* **ACTIVITY**
Nothing but the lines from the one containing "Twin-Set Gonna midi con ruches - Bianco" through the end of the data should be retyped, exactly as they stand, and pictures should not be retyped.
□ □ □
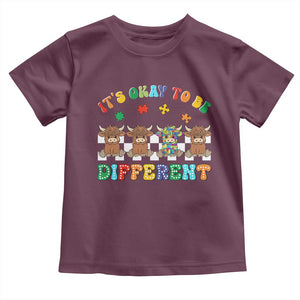 Its Okay To Be Different Autism Awareness Toddler T Shirt Autistic Cow Positivity Vibe TS10 Maroon Print Your Wear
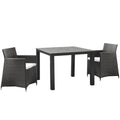 Junction 3 Piece Outdoor Patio Wicker Dining Set by Modway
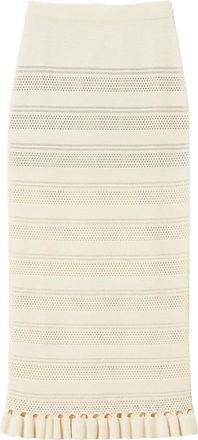 Twin-Set Gonna midi con ruches - Bianco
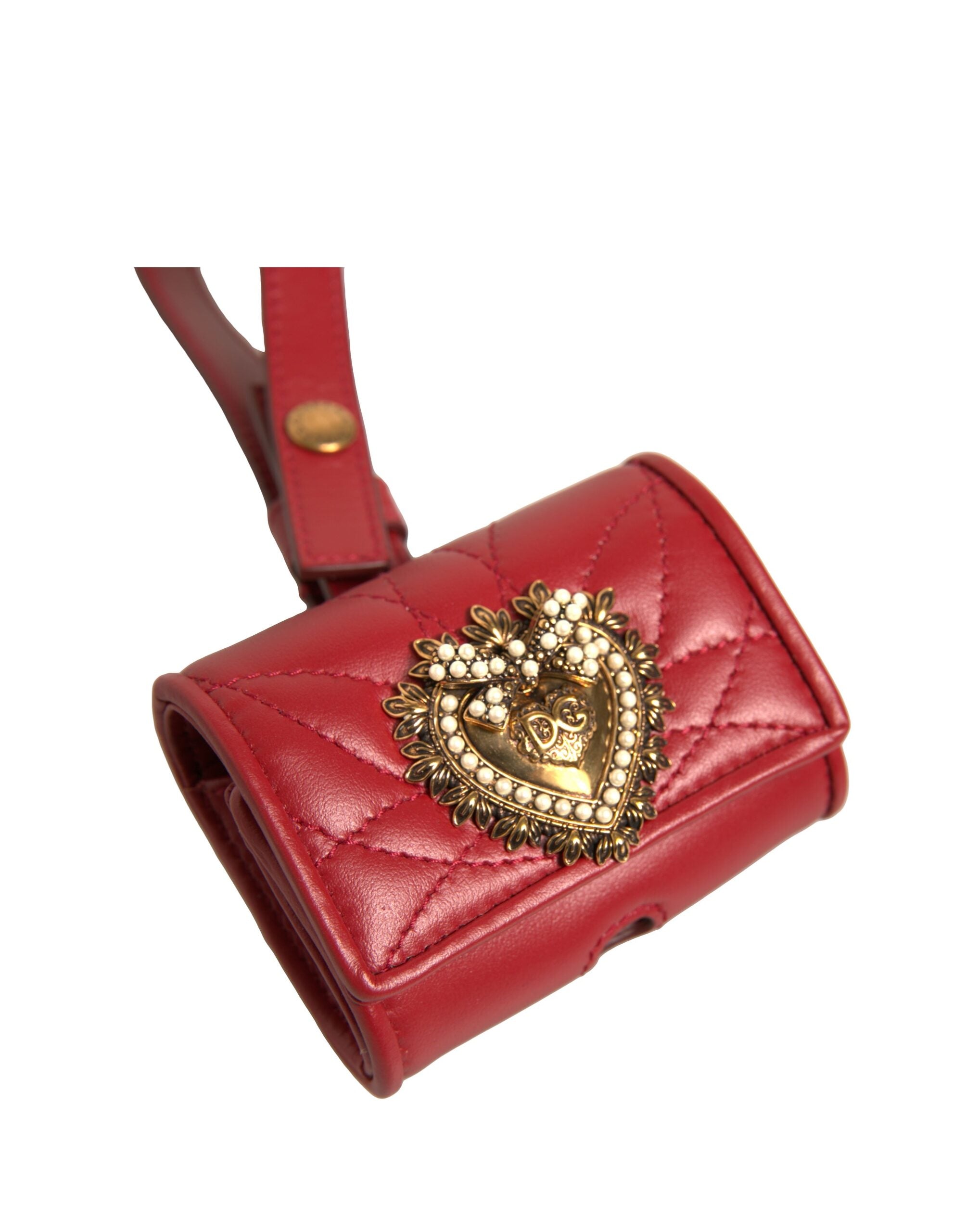 Dolce & Gabbana Dolce & Gabbana Black Leather Devotion Heart Strap Airpod Women's Case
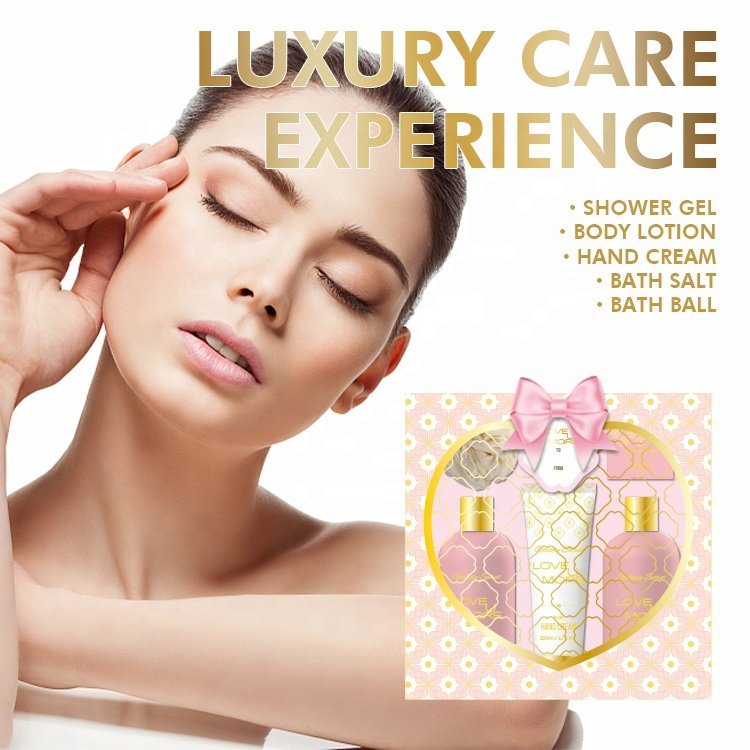 OEM Wholesale Shower Gel Body Lotion Hand Cream Bath Salt Cleansing Moisturizing Nourishing Body Care Gift Set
□ □ □
* **SOLUTION**
 Twin-Set Gonna midi con ruches - Bianco
 Dolce & Gabbana Dolce & Gabbana Black Leather Devotion Heart Strap Airpod Women's Case
 OEM Wholesale Shower Gel Body Lotion Hand Cream Bath Salt Cleansing Moisturizing Nourishing Body Care Gift Set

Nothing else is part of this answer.